The precise duration of the downtime is unknown until the extent of the remediation work is identified – some of which will need to be discovered when the downtime and required disassembly begins. Best estimates would be 3-4 days duration, with the possibility of 5 full days. Progress will be communicated through Notifier emails during the week.

During this time, all Cheyenne compute nodes will be unavailable. Login nodes are expected to remain up. The user cron services associated with Cheyenne will be rebooted briefly during the downtime window. Scheduler reservations will be put in place to ensure that all user jobs have completed by August 7 as the downtime begins. Any jobs that are queued when the downtime begins will be retained for execution when the systems return to service.

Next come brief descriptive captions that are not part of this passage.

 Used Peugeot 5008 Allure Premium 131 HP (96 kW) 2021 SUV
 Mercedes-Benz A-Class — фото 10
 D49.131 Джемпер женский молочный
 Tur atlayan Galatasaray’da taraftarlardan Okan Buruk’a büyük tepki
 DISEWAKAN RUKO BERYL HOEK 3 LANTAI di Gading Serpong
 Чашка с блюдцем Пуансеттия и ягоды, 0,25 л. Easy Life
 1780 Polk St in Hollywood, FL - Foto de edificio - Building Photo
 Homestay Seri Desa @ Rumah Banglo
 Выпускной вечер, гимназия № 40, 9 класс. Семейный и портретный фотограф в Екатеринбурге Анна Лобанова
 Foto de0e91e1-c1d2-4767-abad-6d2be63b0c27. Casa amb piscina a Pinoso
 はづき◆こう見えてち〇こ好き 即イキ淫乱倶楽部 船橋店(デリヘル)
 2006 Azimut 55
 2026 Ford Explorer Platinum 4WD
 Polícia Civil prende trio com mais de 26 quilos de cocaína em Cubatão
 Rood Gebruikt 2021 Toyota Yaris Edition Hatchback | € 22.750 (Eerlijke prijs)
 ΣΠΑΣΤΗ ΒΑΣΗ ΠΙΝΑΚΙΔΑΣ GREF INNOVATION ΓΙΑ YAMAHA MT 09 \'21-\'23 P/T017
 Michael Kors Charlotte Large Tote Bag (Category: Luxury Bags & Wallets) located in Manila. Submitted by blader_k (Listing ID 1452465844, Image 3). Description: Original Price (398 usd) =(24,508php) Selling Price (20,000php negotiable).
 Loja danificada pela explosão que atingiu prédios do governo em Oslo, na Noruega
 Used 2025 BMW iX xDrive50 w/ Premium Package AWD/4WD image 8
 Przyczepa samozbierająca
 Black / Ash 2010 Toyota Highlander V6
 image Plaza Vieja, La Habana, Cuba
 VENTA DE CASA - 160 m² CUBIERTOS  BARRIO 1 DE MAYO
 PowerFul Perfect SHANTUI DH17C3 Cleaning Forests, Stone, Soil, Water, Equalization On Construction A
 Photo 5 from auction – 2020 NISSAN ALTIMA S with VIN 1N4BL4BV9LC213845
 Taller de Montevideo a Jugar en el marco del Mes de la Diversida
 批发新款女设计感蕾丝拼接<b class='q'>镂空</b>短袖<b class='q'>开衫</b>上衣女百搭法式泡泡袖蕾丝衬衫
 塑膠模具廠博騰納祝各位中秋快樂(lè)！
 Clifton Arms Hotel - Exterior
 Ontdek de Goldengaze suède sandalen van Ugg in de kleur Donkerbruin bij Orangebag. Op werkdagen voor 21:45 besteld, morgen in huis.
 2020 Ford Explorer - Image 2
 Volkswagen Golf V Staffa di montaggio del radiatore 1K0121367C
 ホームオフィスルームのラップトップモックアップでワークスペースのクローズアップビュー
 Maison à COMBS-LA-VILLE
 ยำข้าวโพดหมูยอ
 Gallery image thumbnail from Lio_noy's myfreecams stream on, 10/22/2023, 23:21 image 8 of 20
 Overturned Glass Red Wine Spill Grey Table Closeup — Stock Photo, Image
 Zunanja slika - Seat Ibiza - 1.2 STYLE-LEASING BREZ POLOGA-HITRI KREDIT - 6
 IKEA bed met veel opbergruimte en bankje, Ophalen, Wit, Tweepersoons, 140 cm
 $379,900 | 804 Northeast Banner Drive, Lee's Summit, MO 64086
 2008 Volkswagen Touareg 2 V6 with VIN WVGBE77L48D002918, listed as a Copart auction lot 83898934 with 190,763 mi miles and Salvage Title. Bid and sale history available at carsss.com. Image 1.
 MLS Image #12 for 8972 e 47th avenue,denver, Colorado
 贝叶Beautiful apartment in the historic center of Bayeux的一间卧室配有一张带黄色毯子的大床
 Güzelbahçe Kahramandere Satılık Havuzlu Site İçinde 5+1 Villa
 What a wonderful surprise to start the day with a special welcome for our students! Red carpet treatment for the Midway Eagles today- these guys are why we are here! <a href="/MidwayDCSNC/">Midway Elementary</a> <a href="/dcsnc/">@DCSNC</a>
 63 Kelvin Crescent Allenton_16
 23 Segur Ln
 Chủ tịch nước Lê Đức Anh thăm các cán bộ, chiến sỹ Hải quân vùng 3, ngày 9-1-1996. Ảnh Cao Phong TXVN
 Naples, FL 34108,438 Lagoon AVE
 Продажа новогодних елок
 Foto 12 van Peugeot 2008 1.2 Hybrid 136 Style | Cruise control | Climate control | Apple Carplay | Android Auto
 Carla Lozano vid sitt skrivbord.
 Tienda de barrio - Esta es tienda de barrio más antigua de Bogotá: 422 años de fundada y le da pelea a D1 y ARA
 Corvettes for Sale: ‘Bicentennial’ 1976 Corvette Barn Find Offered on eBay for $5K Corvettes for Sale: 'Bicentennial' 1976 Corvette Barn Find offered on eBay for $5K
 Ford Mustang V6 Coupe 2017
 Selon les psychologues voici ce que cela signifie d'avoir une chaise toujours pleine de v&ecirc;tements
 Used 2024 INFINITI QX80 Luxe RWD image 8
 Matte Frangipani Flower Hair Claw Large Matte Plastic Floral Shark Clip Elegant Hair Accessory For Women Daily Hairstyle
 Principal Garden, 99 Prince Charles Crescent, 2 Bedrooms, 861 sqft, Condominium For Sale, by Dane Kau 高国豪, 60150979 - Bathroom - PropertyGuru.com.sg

In the interim, users may continue to experience a higher rate of job failures than typical, particularly at large node counts. The following error messages are likely related to this network path error:

ERROR: Extracting flags from IB packet of unknown length
Transport retry count exceeded on mlx5_0:1/IB
MPT: rank XXX dropping unexpected RC packet from YYY …, presumed failover
Hung applications that eventually time out
(no error message, but no output, either)

These messages may occur in application logs, and the failure modes can include immediate job termination or application hangs.

Until the network is repaired, current remediation options remain limited. Users are encouraged to resubmit failed jobs and include the PBS directive “#PBS -l place=group=rack” in their batch scripts when requiring 250 nodes or less. This will request PBS to select nodes from the same rack, perhaps reducing – but likely not eliminating – the impact of the failed switches. Users are also encouraged to reach out at the NCAR Research Computing (RC) Helpdesk to request core-hour refunds if significantly impacted by these ongoing disruptions.